Interactive Testing
Interactive Testing
For rapid prototyping and visual experimentation, Udility Diffuser is best experienced through a Jupyter Notebook or Google Colab environment. This allows you to generate, render, and refine educational illustrations in an iterative workflow.
Using the Google Colab Notebook
The easiest way to start testing is by using the pre-configured Colab environment. This environment handles all system dependencies (like Cairo) automatically.
- Open the Udility Diffuser Colab Notebook.
- Add your
OPENROUTER_API_KEYto the environment variables or the designated setup cell. - Run the cells sequentially to initialize the
diffusermodule.
Local Notebook Testing
If you are testing locally using Udility.ipynb or your own notebook, ensure you have the necessary system libraries installed for SVG rendering (e.g., libcairo2 on Linux or cairo via Homebrew on macOS).
1. Setup Environment
First, install the package and configure your API credentials within a notebook cell:
!pip install Udility
import os
# Replace with your actual key
os.environ['OPENROUTER_API_KEY'] = 'your_api_key_here'
2. Rapid Prototyping Workflow
The diffuser module provides a high-level function generate_image_from_text() that handles the entire pipeline: text analysis, SVG generation, conversion, and inline display using matplotlib.
from Udility import diffuser
# Test with a specific educational prompt
diffuser.generate_image_from_text("A diagram showing the parts of a plant cell.")
3. Granular Testing
For more control during testing, you can break down the process into individual steps. This is useful for debugging the logic of the generated SVG before it is rendered.
| Function | Input | Output | Purpose |
| :--- | :--- | :--- | :--- |
| get_detailed_instructions | str (Prompt) | str (Instructions) | Tests how Llama interprets your prompt. |
| generate_svg_from_instructions | str (Instructions) | str (SVG Code) | Tests the raw SVG code generation. |
| svg_to_png | str (SVG Code) | file (PNG) | Tests the rendering engine. |
| display_image | str (Path) | plot | Displays the final result in the notebook. |
Example of step-by-step testing:
from Udility import diffuser
prompt = "Phases of the moon diagram"
# 1. Inspect the logic
instructions = diffuser.get_detailed_instructions(prompt)
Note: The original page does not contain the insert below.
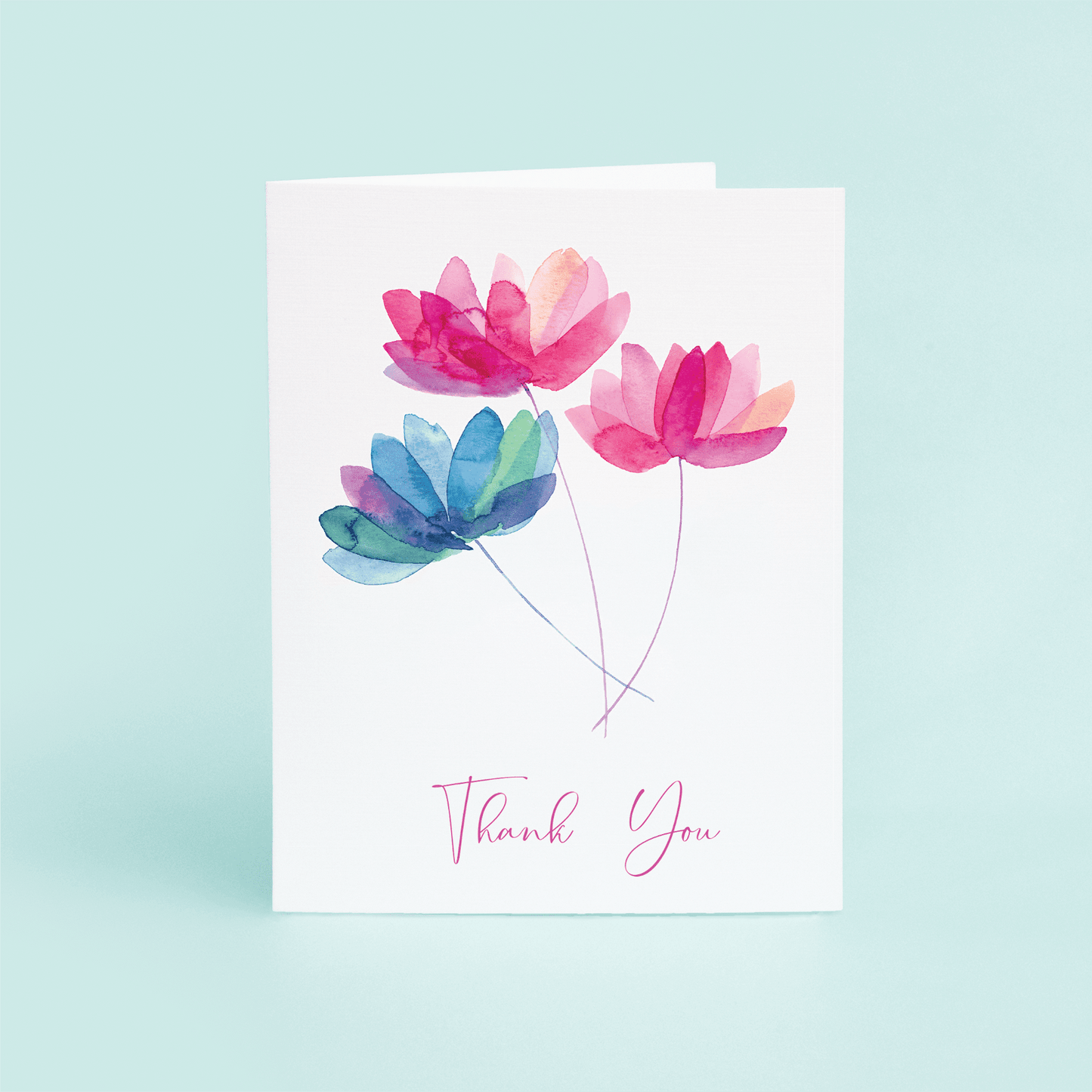 Watercolor Flowers "Thank You" - themonogram manor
print(f"Instructions: {instructions}")
# 2. Inspect the raw SVG
svg_code = diffuser.generate_svg_from_instructions(instructions)
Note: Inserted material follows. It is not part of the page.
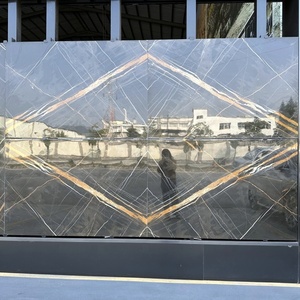 Lussuoso tavolo da pranzo con controsoffitto da cucina in marmo nero Lauren per interni moderni per progetti commerciali di progettazione grafica - Product Image 3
print(f"Raw SVG: {svg_code}")
# 3. Render and Display
diffuser.svg_to_png(svg_code, 'test_output.png')
diffuser.display_image('test_output.png')
Tips for Effective Testing
- Prompt Specificity: Since Udility Diffuser uses SVG scripting, prompts that describe spatial relationships (e.g., "A graph with X and Y axes") yield the most accurate results.
- API Limits: Interactive testing relies on OpenRouter. Ensure your API key is active and has sufficient credits (though many Llama 3.5 models are available for free through specific providers).
- Kernel Restarts: If you update the
Udilitypackage, remember to restart your notebook kernel to load the latest changes.